Friday 31 January 2014

The Magician

Main pal do pal ka shayar hoon

 Pal do pal meri kahani hai

 Pal do pal meri hasti hai

 Pal do pal meri jawani hai


For a long time we did not have much literature available on the iconic film personalities of Hindustani cinema. It is difficult to say what was the exact reason for the same but maybe it had something to do with the reading habits of the people and a general lack of critical analysis of the personalities and films with respect to their social and cultural affect. Things however started to change in the last the 10 to 15 years and now we have a regular flow of books on cinema, though of uneven quality. I think Nasreen Munni Kabir’s Guru Dutt-A Life in Cinema (OUP 1996) was amongst the earliest of serious efforts to document the life of an icon of Hindustani cinema.
Akshay Manwani’s book Sahir Ludhianvi: The People’s Poet (Harper Collins 2013) is a welcome recent addition to the list. A book on Sahir, considered by some to be the greatest lyricist ever of Hindustani cinema, was long overdue. Sahir was already an established poet before he came to Bombay in 1949 (his first collection of poems, Talkhiyan, was published in 1943 to critical acclaim) and from 1951 onwards he wrote songs for more than 100 films till his  death in 1981.His best work was in the 50s and 60s (considered to be the golden era for Hindustani film music). His songs for Pyaasa , Naya Daur (both in 1957) and Phir Subah Hogi (1958) firmly established him as a ‘conscience keeper’ for the common man and went a long way in establishing these movies as ‘Classics’ of Hindustani cinema. However, there was much more to Sahir. Be it a romantic number (Hum aapkee ankhon mein from Pyaasa) or a comic song (Sar jo tera chakraye, again from Pyaasa), a bhajan (Allah tero naam from Hum Dono) or a qawwali (Na to karwan kee talaash hain from Barsaat ki Raat) or a patriotic number (Yeh desh hai veer jawanon ka from Naya Daur) - he excelled in all forms. During his time there was formidable talent writing in Bombay including Shailender, Majrooh Sultanpuri, Shakeel Badaiyuni, Kaifi Azmi amongst many other poets. Still, he was able to hold on his own by his sheer talent and depth of his words. Initially in his career, he formed a hit partnership with S D Burman (Baazi, Jaal, Devdas ) but they fell out after the success of Pyaasa (each claiming credit for the success of the film’s music) but  such was Sahir’s talent that he still went on to give memorable songs with the then  less-established  music directors like Ravi and Khayyam.

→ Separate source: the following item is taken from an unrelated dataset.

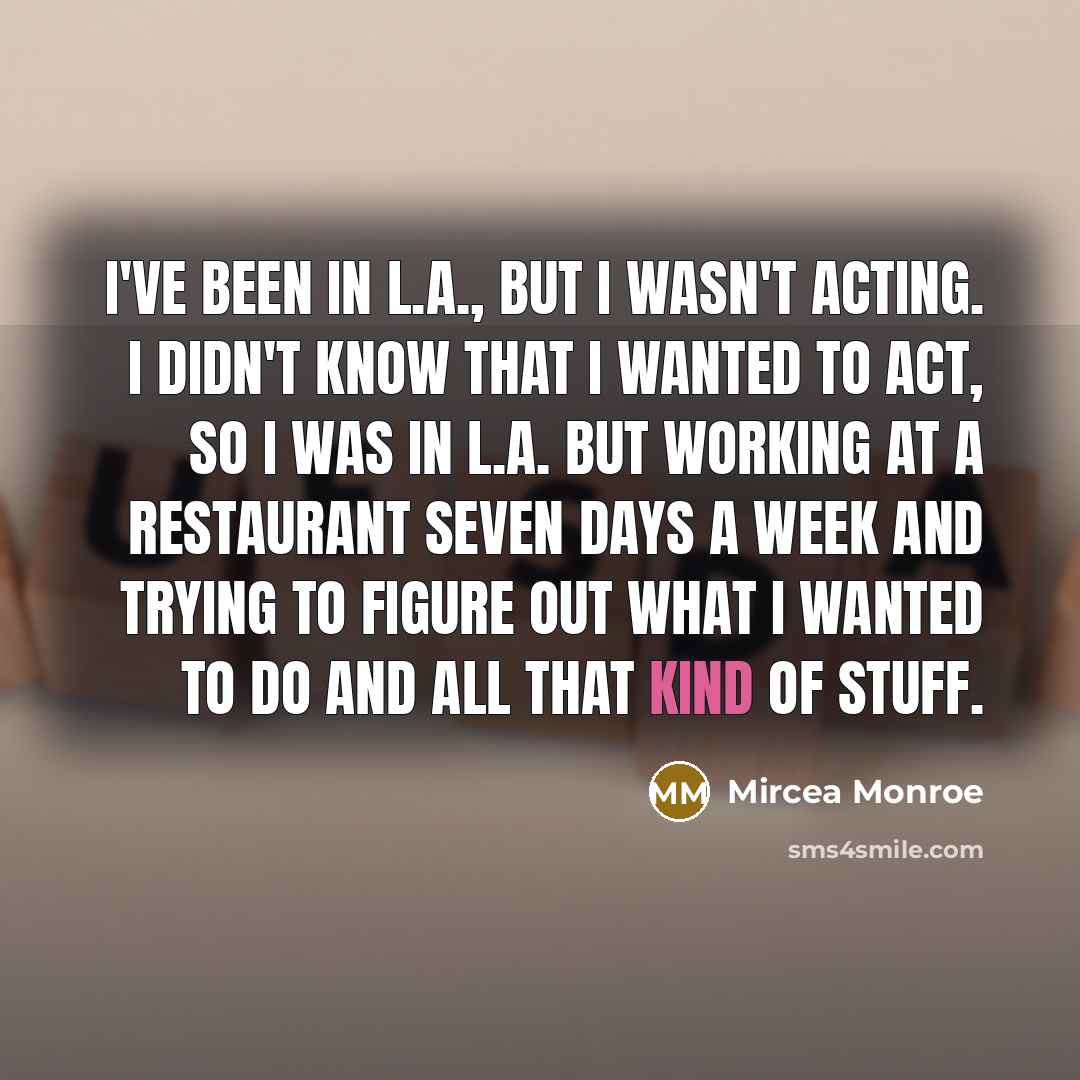 “I've been in L.A., but I wasn't acting. I didn't know that I wanted to act, so I was in L.A. but working at a restaurant seven days a week and trying to figure out what I wanted to do and all that kind of stuff.” quote by Mircea Monroe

Akshay’s well researched book traces Sahir’s life right from his troubled child hood  (his father was a wayward wealthy landlord and Sahir’s mother soon moved out and brought up Sahir entirely on her own) and graduation in Ludhiana and his subsequent movement first to Lahore and then eventually to Bombay after a brief stay in Delhi. Sahir shared a deep bond with his mother and his health started deteriorating rapidly after her death in 1976. He went into a shell (as Yash Copra quotes Sahir, ‘Kuch mazaa nahin aa raha likhney ka’) and never came out of it.

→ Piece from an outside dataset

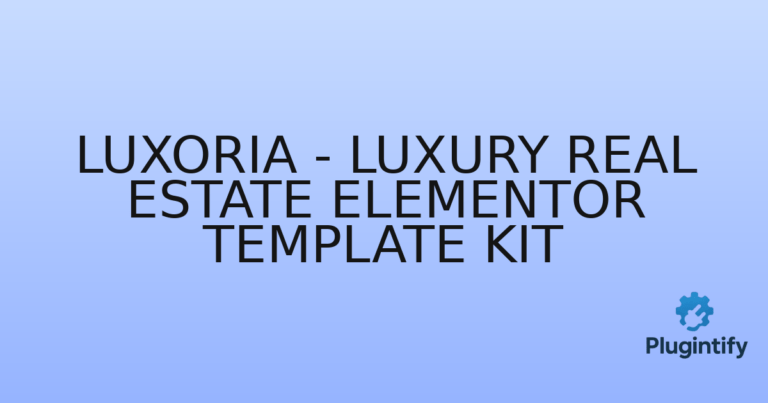 Read more about the article Luxoria – Luxury Real Estate Elementor Template Kit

The author has managed to interview a host of non-film and  film personalities who were directly or indirectly associated with Sahir - Dev Anand, Khayyam, Ravi, Javed Akhtar, Ravi Chopra, Ramesh Talwar  and of course, Yash Chopra, a fellow Punjabi and a close friend (as long as Sahir lived, all films directed by Yash Copra had songs by him).

Sahir did not marry but had his share of affairs and heart-breaks. His relationship with Amrita Pritam is well known and the interview with Imroze (Amrita Pritam’s husband) is one of the highlights of the book. In the 70s, the film industry was undergoing a change with the emergence of the angry young man persona of Amitabh Bachchan but yet Sahir-Khayyam duo was able to give us a gem in the form of Kabhi -Kabhi in 1976.The title song is one of my personal favorites and infact introduced me to the magic world of Sahir. Amitabh’s soliloquy (Kabhi-Kabhi mere dil mein khayal aata hai) still gives me goose pimples.

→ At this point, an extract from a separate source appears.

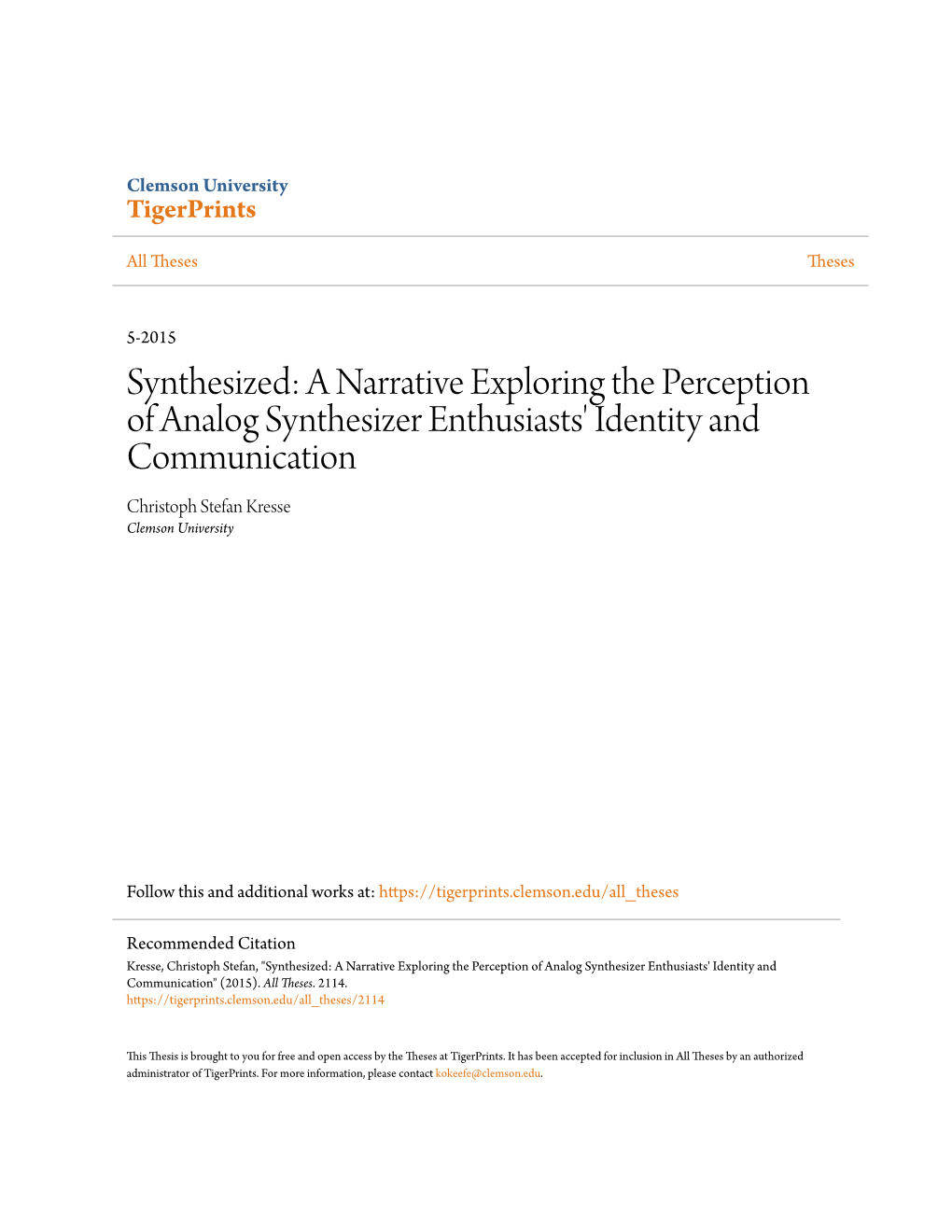 A Narrative Exploring the Perception of Analog Synthesizer Enthusiasts' Identity and Communication Christoph Stefan Kresse Clemson University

I would have liked the author to ask Sahir’s close associates like Yash Chopra and Javed Akhtar as to what did they do to preserve his legacy(I remember reading a few years back that  his grave in Bombay had been vandalized). Could they have converted his house into a memorial ? Still this is a commendable effort and I am sure will attract a host of new generation fans towards Sahir and his  immortal lyrics. Next I would like to see an English translation of Takhiyan. Will someone oblige?

Kal aur ayenge nagmon ki khilti kaliyan chunnewale
Mujhese behetar kahenewale tumse behetar sunnewale
Kal koi mujhko yaad karhey kyon koi mujhko yaad karhey
Masroof zamana mere liye kyon waqt apna barbadh kare
Main pal do pal ka shayar hoon


  1. Thank you for taking us on lovely trip with Sahir ji.

    1. Sangeeta-All his published works-Talkhiyan,Aao koi khwab bunein and Gaata jaye banjaara are available in hindi (hind books)..I recommend them for all his fans. :-)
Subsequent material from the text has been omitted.